A new study suggests that a drug that showed promise in preclinical tests against treatment-resistant cancer might also work against COVID-19.
The study, led by Amy S. Lee, Ph.D., a professor of biochemistry at the Keck School of Medicine, demonstrates that GRP78, a chaperone protein previously linked to the spread of other viruses, is crucial to the transmission of SARS-CoV-2, the virus responsible for COVID-19. Furthermore, the study shows that SARS-CoV-2 replication is significantly suppressed when either GRP78 production or activity is blocked or inhibited using a novel targeted drug.
For many years, Lee has focused her research on this protein and its connection to cancer. She actually created the first human GRP78 clone. In early 2020, her lab was actively working on several projects involving GRP78’s role in cancer, including one that examined the relationship between the protein and the growth of KRAS-mutated cancer cells.
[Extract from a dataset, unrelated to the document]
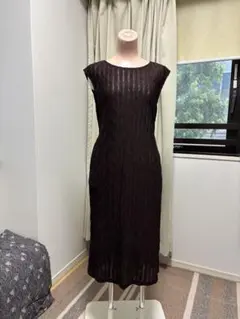 KARL LAGERFELD ノースリーブ・ワンピース。ダークブラウンのサムネイル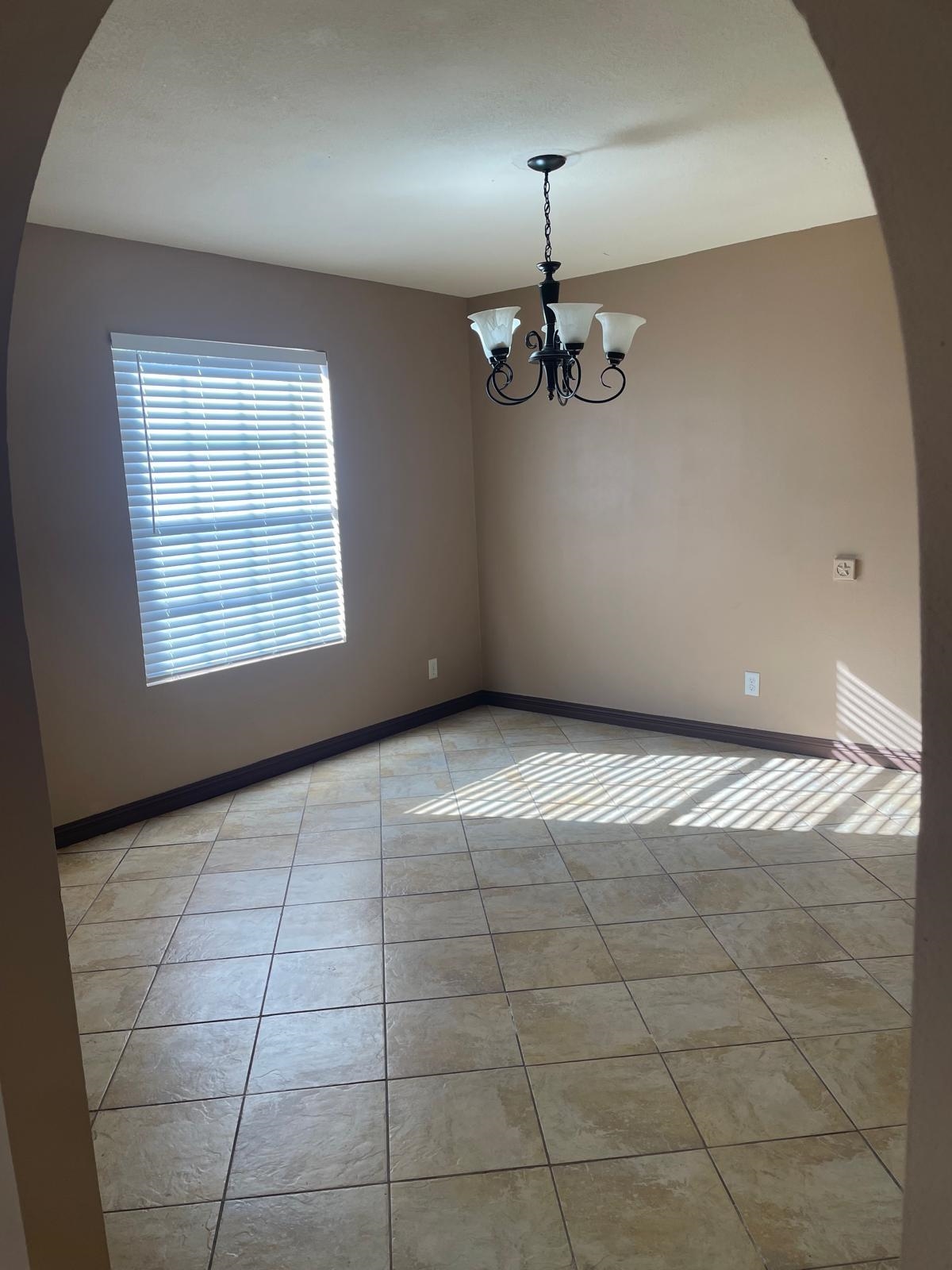 11811 Fawn Dr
Then COVID came around, leading all labs not focused on COVID-19-related projects to shut down; Lee’s lab was no exception. But when the older writings were looked at, something interesting came up: research on other coronaviruses indicated that they used GRP78 to gain access to cells.
Seeing this, Lee prompted her team to find out whether COVID-19 might be one of those viruses, and indeed, their initial results – published last year – showed that the virus did use GRP78 to enter cells and reproduce. However, whether or not GRP78 was actually necessary for viral replication was unclear.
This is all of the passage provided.